13 A Comissão suscita algumas objecções quanto à admissibilidade do recurso da República Italiana. Os fundamentos de anulação invocados pelas recorrentes sobrepõem-se amplamente. Todavia, a República Italiana acusa igualmente a Comissão de erradamente ter dado início a dois processos formais de exame em vez de a um e, desse modo, ter alterado a natureza do processo administrativo que conduziu à adopção da decisão de 1997, de ter igualmente violado os n.os 2 e 3 do artigo 92._ do Tratado ao considerar o regime de 1988 incompatível com o direito comunitário em virtude de as condições que regulam o auxílio concedido nesse quadro infringirem outras disposições fundamentais do Tratado. Por sua vez, a SL alega que a decisão de 1997 é inválida porque ignora a aplicação da Directiva 90/684/CEE do Conselho, de 21 de Dezembro de 1990, relativa aos auxílios à construção naval (14).

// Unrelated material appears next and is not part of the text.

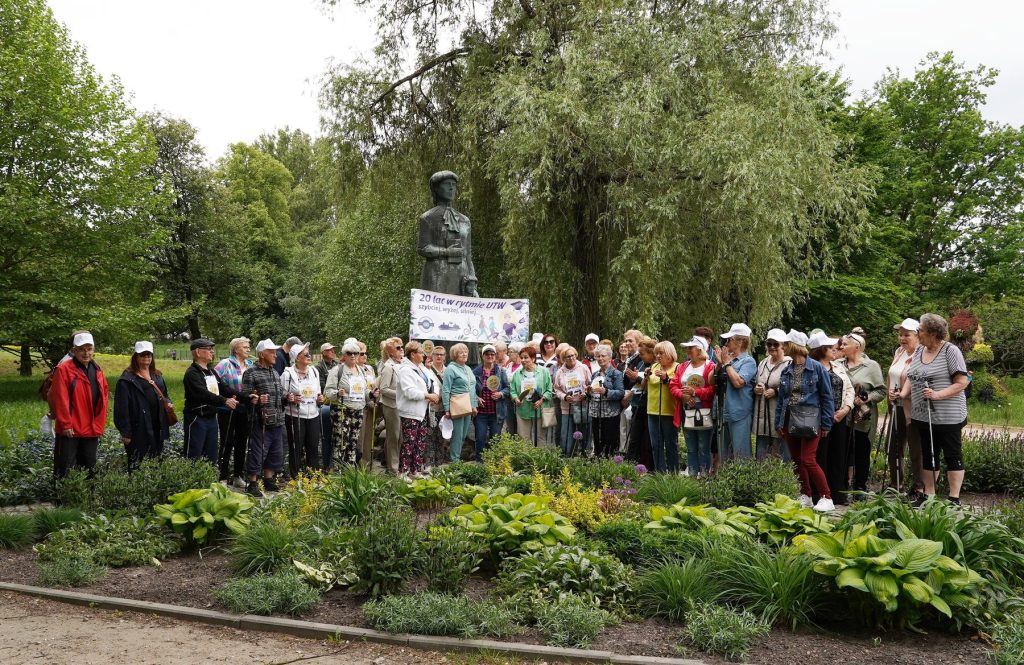 Jubileuszowy marsz Nordic Walking i spacer, zdjęcie 1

14 Uma vez que os dois recursos se sobrepõem em grande parte, apenas tratarei separadamente os fundamentos distintos invocados pelas recorrentes e os argumentos da Comissão em matéria de admissibilidade.

III - Admissibilidade

A - O recurso da República Italiana (processo C-15/98)

i) Âmbito do pedido

15 A Comissão admite que o mesmo recurso possa comportar pedidos de anulação de diversos actos, mas que: i) o princípio geral é o de que apenas um único acto deve ser visado: o artigo 174._ do Tratado CE (actual artigo 231._ CE) e o artigo 19._ do Estatuto (CE) do Tribunal de Justiça referem um «acto» no singular; ii) quando a conexão é tal que é suficiente um único recurso, os fundamentos de recurso devem ser formulados de forma clara e precisa; iii) o Tribunal de Justiça admitiu que, em casos excepcionais, o mesmo recurso possa visar diversas decisões, mas apenas se forem paralelas de um ponto de vista processual, temporal e material, ou quando uma for a consequência lógica da outra, ou constitua uma etapa preliminar em relação à outra, o que se verifica no caso em apreço (15).

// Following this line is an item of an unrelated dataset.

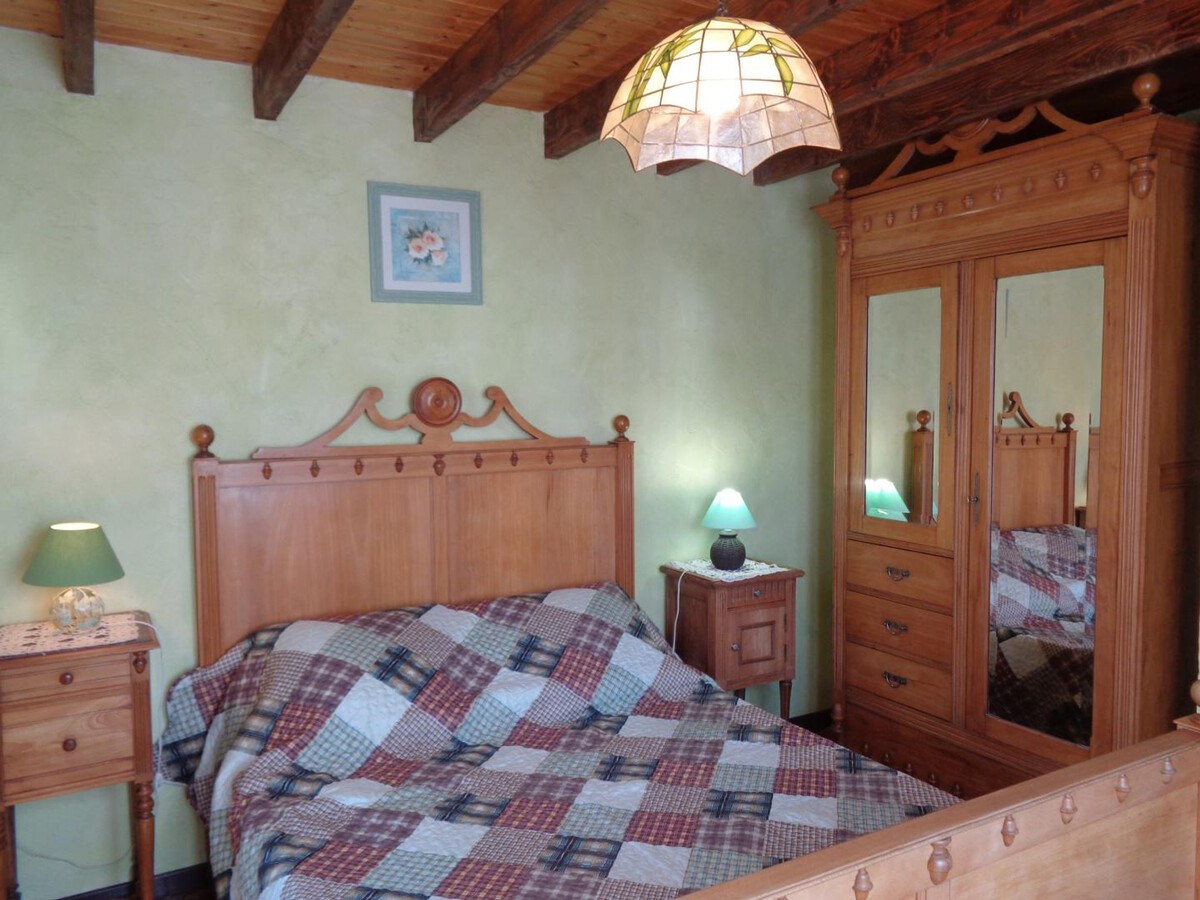 La Judée : gîte 6 pers. avec piscine à Saint-Haon-le-Châtel - Photo 8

16 Em meu entender, o primeiro ponto não tem fundamento. A utilização do termo «acto» no singular no artigo 174._ do Tratado não pode ser decisiva, tendo em conta a utilização de «actos» no plural no artigo 173._ do Tratado. É mais apropriada uma abordagem de fundo.

17 A Comissão não contesta «a possibilidade de um único recurso que englobe» várias decisões (16). Partilho da sua opinião, segundo a qual deve existir, contudo, uma conexão suficiente entre esses actos para que o Tribunal de Justiça se possa sobre eles debruçar no âmbito de um único processo, que inclua as observações das partes, escritas ou orais, as conclusões do advogado-geral e o acórdão do Tribunal de Justiça.

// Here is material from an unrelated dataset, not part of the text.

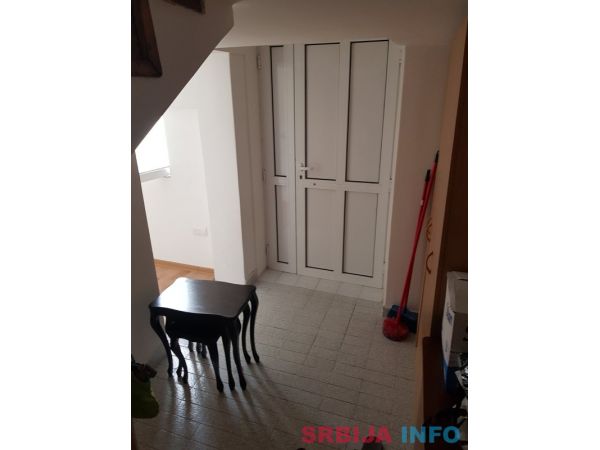 Prodaje se stan u potkrovlju 65m2-Pancevo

18 Em contrapartida, não penso que seja apropriado estabelecer categorias formais de ligação, como as propostas pela Comissão. Bastará que os actos e os fundamentos de recurso estejam ligados de forma suficientemente estreita para que se garanta o seu tratamento num âmbito de um único recurso. No presente processo, estou de acordo com o Governo italiano para afirmar que o nexo é suficiente. O objecto da decisão de 1997 e o do ofício de abertura II estão estreitamente ligados. Os fundamentos invocados pela República Italiana em cada um dos casos são quase idênticos, independentemente do mérito de cada um.

19 Daí resulta, em minha opinião, que o recurso da República Italiana é admissível tanto no que respeita à decisão de 1997 como à decisão contida no ofício de abertura II.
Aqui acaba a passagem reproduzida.